**WHAT THE EXERCISE ASKS**
In the data below, the answer is the run of lines from the line containing "Product Image 6" through the line containing "(*) Nelumbo nucifera", both included; print it exactly and nothing else.

**RECORD SET**
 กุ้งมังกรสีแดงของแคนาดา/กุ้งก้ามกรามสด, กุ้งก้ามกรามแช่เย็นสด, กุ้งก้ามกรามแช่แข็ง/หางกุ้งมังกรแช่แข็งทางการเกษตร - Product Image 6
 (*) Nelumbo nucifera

==

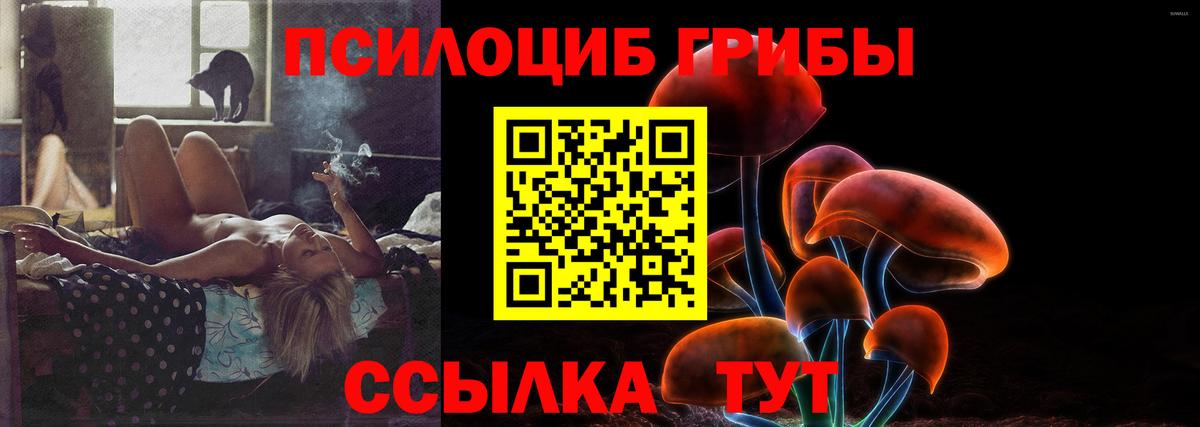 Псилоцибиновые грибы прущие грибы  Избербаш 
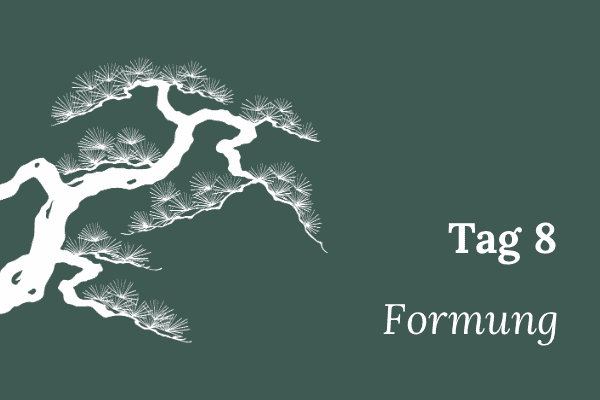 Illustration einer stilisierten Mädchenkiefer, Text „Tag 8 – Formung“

**ANSWER FOR THE TASK**
 กุ้งมังกรสีแดงของแคนาดา/กุ้งก้ามกรามสด, กุ้งก้ามกรามแช่เย็นสด, กุ้งก้ามกรามแช่แข็ง/หางกุ้งมังกรแช่แข็งทางการเกษตร - Product Image 6
 (*) Nelumbo nucifera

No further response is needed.